IF you were walking your dog through the Lincolnshire countryside at the end of May, you may well have come across the solitary figure of an old man digging graves in the distance, or a weeping girl stumbling through the woods in a discoloured wedding dress.
You’d be forgiven for thinking you had stumbled upon some sort of ritualistic cult, or wandered onto the set of the Blair Witch project. But you’d actually have discovered one of the best small festivals in the country – Lost Village.
Doing festivals right is hard. Doing festivals right first time is incredibly difficult. Ticket sales, booking artists, staffing and even a lack of portaloos can prove to be problematic for organisers trying to get their festival up and running. We saw Edinburgh’s ‘X Music Festival’ cancelled at the last minute when it was revealed their application for a license had been submitted too late. This makes it all the more impressive that everything went smoothly for Lost Village’s first year.
There was an exciting line-up that saw artists like Annie Mac, DJ Koze, Huxley, Kölsch, Ben Pearce and Jamie Jones grace the stage. Built on the back of a successful club night in Bristol, and the well-established name that record label ‘Moda Black’ has made for itself over the last few years, they had plenty of reach in the industry to pull in the artists they wanted.

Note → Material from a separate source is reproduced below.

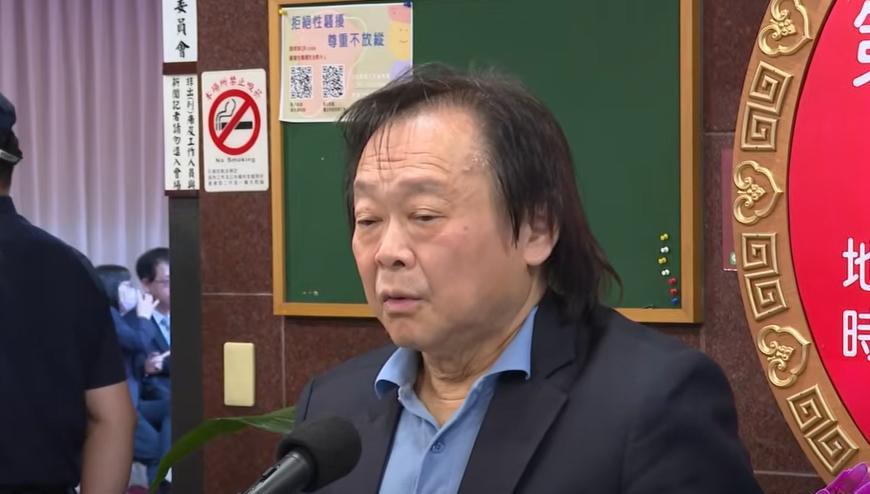 王世坚：柯建铭已不坚持党团干部改组已经翻页针对“怎么样看柯建铭总召任期到明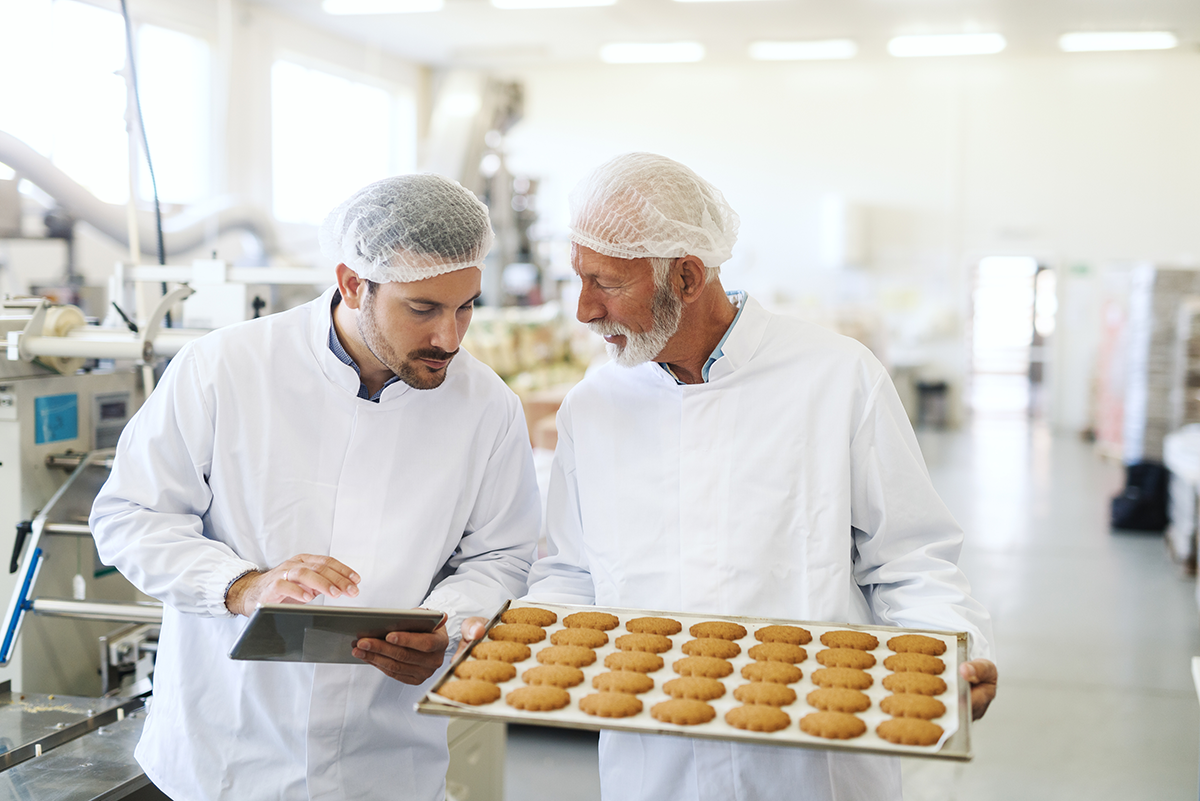 Photo de deux technicien effectuant des tests pour subsituer des ingrédients, tels que les œufs ou encore pour diminuer le sucre, la matière grasse ou le gluten afin de diminuer le coût matière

The thing that sets the festival apart however, is undoubtedly its theme. With just 4500 people capacity, Lost Village is an intimate festival, one that’s made all the more special by the effort that went in to make it a memorial experience. Stages are split into 3 different ‘abandoned buildings’; the ruins of an old castle, a rundown ‘forgotten cabin’ and an abandoned chapel. The paths through the forest are beautifully lit overhead by orange lanterns, handmade pentagrams and other ominous symbols hang from the trees. As you wander through the forest you’ll bump into any number of… performers, some too strange to describe. Victorian style explorers, grave diggers, woodland creatures and creepy circus entertainers hanging from giant swings. None of them will break their act, forcing you to question whether you’re losing your grip on reality or not.
All of this combines to make a great atmosphere. The campsite is chilled out, staff were friendly and I didn’t see any trouble break out over the whole weekend. The only grievance was paying £5 for a glass of orange juice at the basecamp, but at £90 for a 3 day ticket you can’t really feel too hard done by.
Lost Village will return next year on the 27th of May and is well worth checking out.